◆ Input data:
★ ★ ★ ★ ★

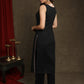 Black Ikat Combination Kurta With Ikat Jacket - Pant Optional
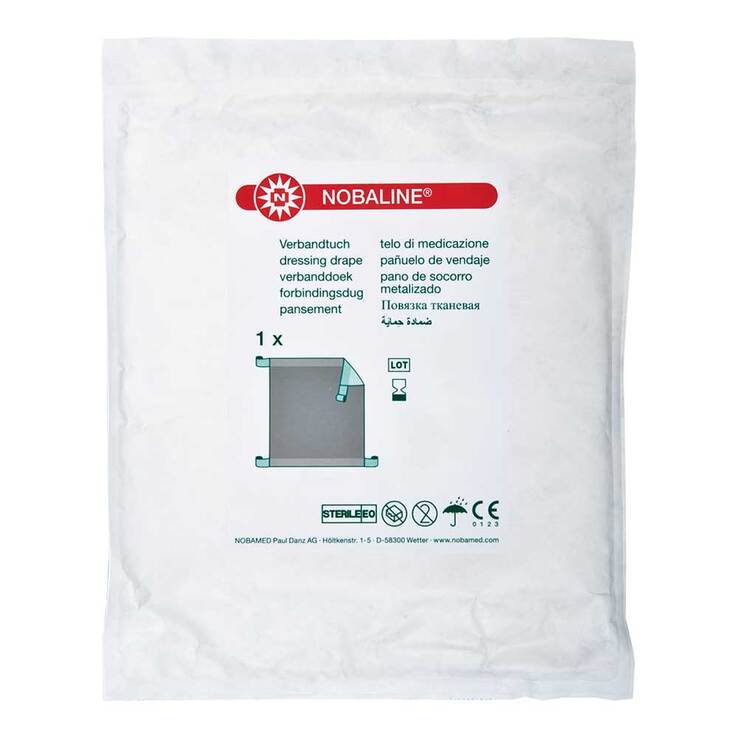 Nobaline-Verbandtuch 80x120 cm steril - 1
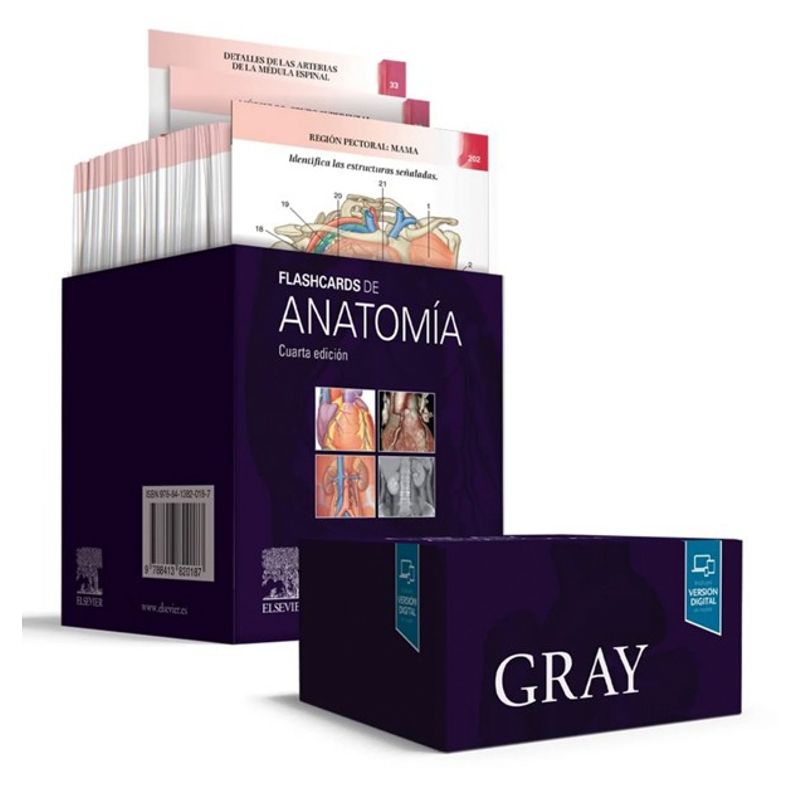 EDITORIAL MEDITERRANEO - Libro Gray. Flashcards De Anatomia 4Ed.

★ ★ ★ ★ ★

◆ What you have to do: The full text of the data above, exact and without pictures, is what to return.

◆ Reply:
 Black Ikat Combination Kurta With Ikat Jacket - Pant Optional
 Nobaline-Verbandtuch 80x120 cm steril - 1
 EDITORIAL MEDITERRANEO - Libro Gray. Flashcards De Anatomia 4Ed.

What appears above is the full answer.